Discussion in 'Anything goes' started by CMPunkFan, Dec 27, 2012.

  1. CMPunkFan

    CMPunkFan New Member

    Hey all,

    So many of you know me here under a different name (Probably wouldn't be too hard to figure out who I am based on this name alone). I just accepted a job with a local news website in a pretty well known market. For the first time in my life, I will be an independent contractor, making $3,400 per month.
    I have no idea how taxes work when you're an independent contributor as every company I've ever worked for has taken them out for me.
    Any advice? I know a lot of you guys are pretty good with taxes and whatnot.
    Thanks for the help.
  2. LongTimeListener

    LongTimeListener Well-Known Member

    They just pay you out without taking anything, so you have to be disciplined and put a third of it to the side.

    Depending on whom you talk to, you'll find that a lot of people file quarterly estimates (easy enough to Google for the form). It is "required," but I've been an IC for the last three years and have never filed quarterlies; my accountant says I don't make enough for it to matter, so there's that. It is a technical requirement but probably not one that's going to be a huge deal in your income class.

    Also keep receipts of everything -- if you're an independent contractor I presume that means you're working from home, and you'll be amazed at what you can deduct as business expenses (newspaper and magazine subscriptions, Internet service, etc.).
  3. CMPunkFan

    CMPunkFan New Member

    Is a third enough to put aside? I know in other years where I've made in the $28-$32K range, I've had to pay around 10 percent. Assuming I don't have any real deductions (Does paying my own health care count?) I'll be making about $40K at this job and around $6K at my secondary side gig so maybe $46K total. Ten percent of that would be $4K, Fifteen percent would be $6K.
    Would you say a third of that covers the taxes?
    I really have no idea how this works.
  4. You also have to pay self-employment tax in lieu of FICA and Medicare payroll taxes, which your employer matches. It's about 13 percent.

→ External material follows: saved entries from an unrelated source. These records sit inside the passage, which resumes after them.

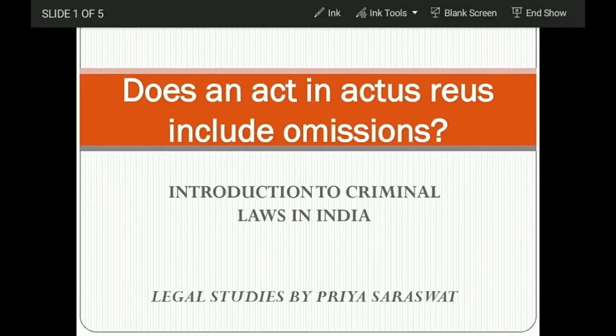Stay tuned — every Saturday we are going to come up with such terminologies, videos, and case studies which you need to know, not only for educational purposes but also for general life. So today we are going to decode: is omission a part of actus reus? Let's begin. Does an act in actus reus include omission? To understand this we need to understand two very basic concepts: first, what is actus reus, and secondly, what do we mean by omission.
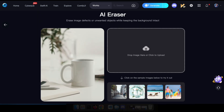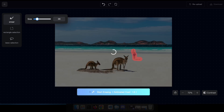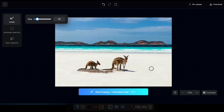From there, you can upload any image of your choice. For this demonstration, I'll select a sample image. Then all you have to do is paint over the object or person you wish to remove from the image, just like I'm doing here. Once you've painted over the object or person you want to remove, simply click on Start Erasing and prepare to be amazed by the incredible result.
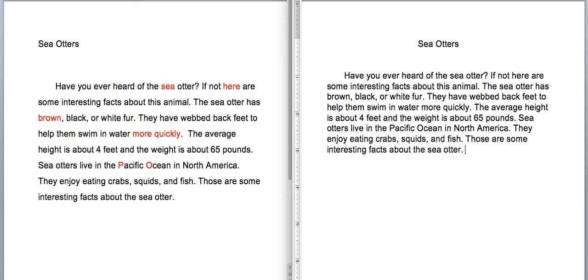Once you finish typing in your final draft, go ahead and hit submit and you will be done with our first research paper. Please let us know if you have any questions.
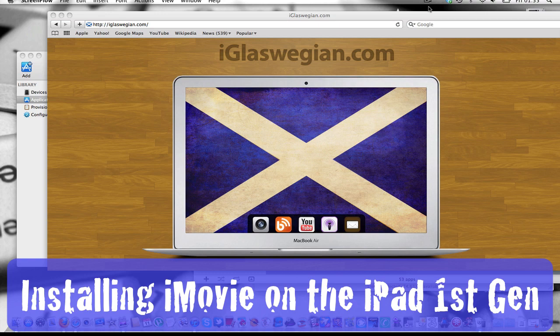YouTube, how are you guys doing? This is going to be a very small tutorial as to how you can install iMovie for your first generation iPad.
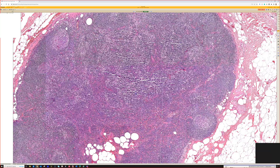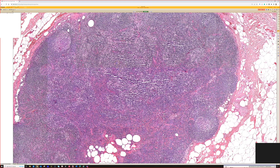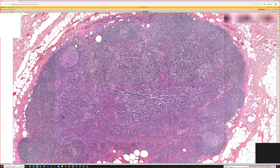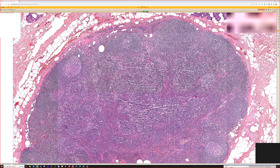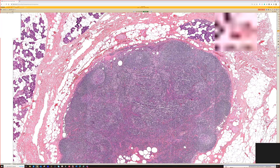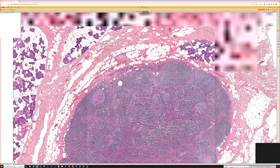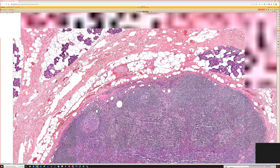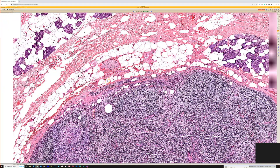Here's a lymph node. This was removed as a sentinel node for head and neck melanomas. Often when they do the radioactive tracer, the draining is often to a parotid node - if the melanoma is from, say, the temple or the ear. So I often see nodes in the parotid taken out, and then they take a partial parotidectomy with it a lot of times.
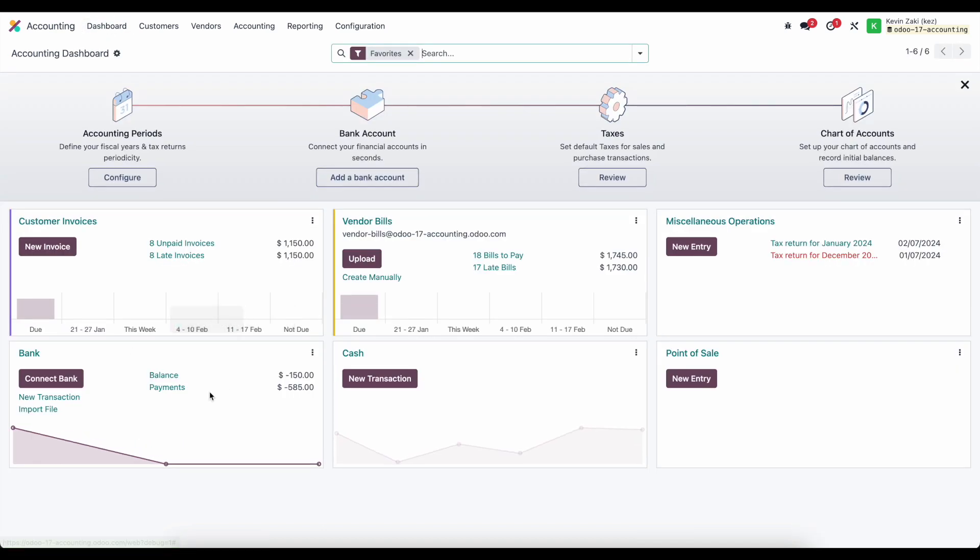I wanted to show you that you can register payment and print those checks. Again, depending on your check layout, you're going to set that in your configurations. We highly recommend purchasing the printing paper as opposed to trying to edit those templates.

    Working as an IC has its cons, especially when you're not really independent.
  5. Amy

    Amy Well-Known Member

  6. CHETtheJET

    CHETtheJET Member

    Making Quarterly estimated payments is required....and a good habit to ingrain...it can be a vicious cycle if you owe too much the following April and you don't have the cash on hand.
  7. Rosie

    Rosie Active Member

    Keep massive records - save every receipt, log mileage, keep meticulous records. Consult with a tax professional, you'll need to file a Schedule C when you do your returns.

    Best advice, consult with a reputable tax professional.
  8. da man

    da man Well-Known Member

    Very few things in life piss me off more than paying that self-employment tax every year.
  9. PCLoadLetter

    PCLoadLetter Well-Known Member

    Can't stress that enough.

    My wife's entire income is freelance. We did our own taxes when she was starting out and we were going to owe thousands. We went to a tax pro who handles a lot of journalists and we ended up with a refund.

    I will never, ever do my own taxes again.